Working with Huge Text Files

L

Lorn Davies

Hi there, I'm a Python newbie hoping for some direction in working with
text files that range from 100MB to 1G in size. Basically certain rows,
sorted by the first (primary) field maybe second (date), need to be
copied and written to their own file, and some string manipulations
need to happen as well. An example of the current format:

XYZ,04JAN1993,9:30:27,28.87,7600,40,0,Z,N
XYZ,04JAN1993,9:30:28,28.87,1600,40,0,Z,N
|
| followed by like a million rows similar to the above, with
| incrementing date and time, and then on to next primary field
|
ABC,04JAN1993,9:30:27,28.875,7600,40,0,Z,N
|
| etc., there are usually 10-20 of the first field per file
| so there's a lot of repetition going on
|

The export would ideally look like this where the first field would be
written as the name of the file (XYZ.txt):

19930104, 93027, 2887, 7600, 40, 0, Z, N

Pretty ambitious for a newbie? I really hope not. I've been looking at
simpleParse, but it's a bit intense at first glance... not sure where
to start, or even if I need to go that route. Any help from you guys in
what direction to go or how to approach this would be hugely
appreciated.

Best regards,
Lorn
 
M

mensanator

Lorn said:
Hi there, I'm a Python newbie hoping for some direction in working with
text files that range from 100MB to 1G in size. Basically certain rows,
sorted by the first (primary) field maybe second (date), need to be
copied and written to their own file, and some string manipulations
need to happen as well. An example of the current format:

XYZ,04JAN1993,9:30:27,28.87,7600,40,0,Z,N
XYZ,04JAN1993,9:30:28,28.87,1600,40,0,Z,N
|
| followed by like a million rows similar to the above, with
| incrementing date and time, and then on to next primary field
|
ABC,04JAN1993,9:30:27,28.875,7600,40,0,Z,N
|
| etc., there are usually 10-20 of the first field per file
| so there's a lot of repetition going on
|

The export would ideally look like this where the first field would be
written as the name of the file (XYZ.txt):

19930104, 93027, 2887, 7600, 40, 0, Z, N

Pretty ambitious for a newbie? I really hope not. I've been looking at
simpleParse, but it's a bit intense at first glance... not sure where
to start, or even if I need to go that route. Any help from you guys in
what direction to go or how to approach this would be hugely
appreciated.

Best regards,
Lorn

You could use the csv module.

Here's the example from the manual with your sample data in a file
named simple.csv:

import csv
reader = csv.reader(file("some.csv"))
for row in reader:
print row

"""
['XYZ', '04JAN1993', '9:30:27', '28.87', '7600', '40', '0', 'Z', 'N ']
['XYZ', '04JAN1993', '9:30:28', '28.87', '1600', '40', '0', 'Z', 'N ']
['ABC', '04JAN1993', '9:30:27', '28.875', '7600', '40', '0', 'Z', 'N ']
"""

The csv module while bring each line in as a list of strings.
Of course, you want to process each line before printing it.
And you don't just want to print it, you want to write it to a file.

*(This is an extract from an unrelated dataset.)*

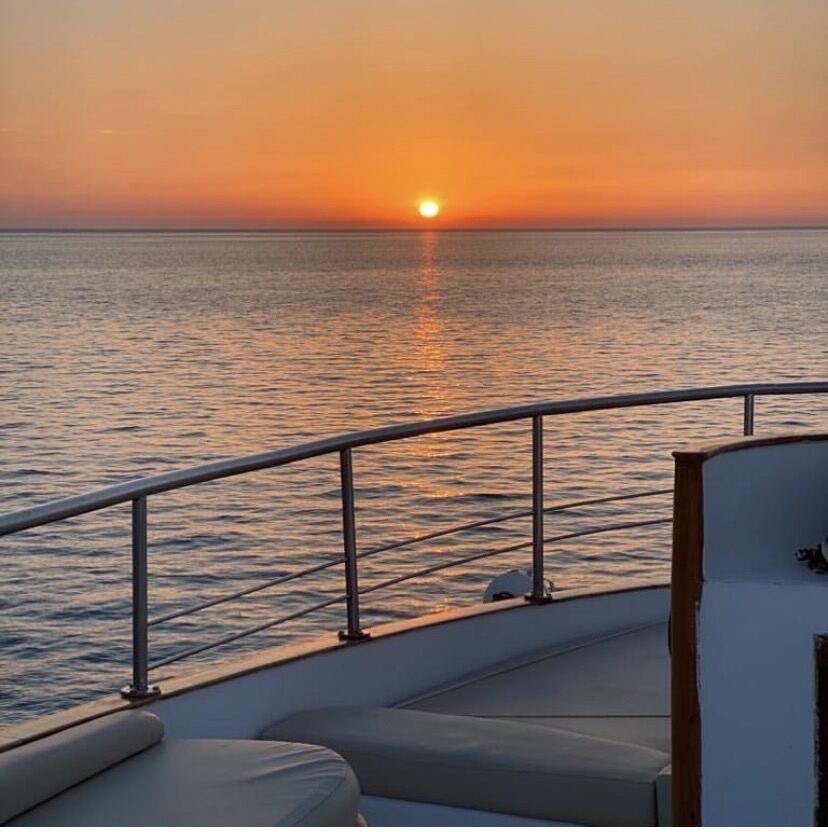 The sun setting over calm sea, seen past the bow rail.
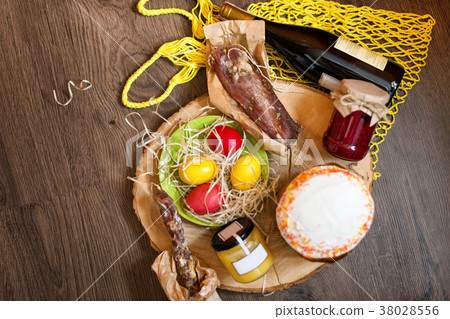 Colorful easter eggs in a basket with cake, red 38028556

So after reading the first line, open a file for writing with the
first field (row[0]) as the file name. Then you want to process
fields row[1], row[2] and row[3] to get them in the right format
and then write all the row fields except row[0] to the file that's
open for writing.

On every subsequent line you must check to see if row[0] has changed,
so you'll have to store row[0] in a variable. If it's changed, close
the file you've been writing to and open a new file with the new
row[0]. Then continue processing lines as before.

It will only be this simple if you can guarantee that the original
file is actually sorted by the first field.
 
M

Michael Hoffman

It will only be this simple if you can guarantee that the original
file is actually sorted by the first field.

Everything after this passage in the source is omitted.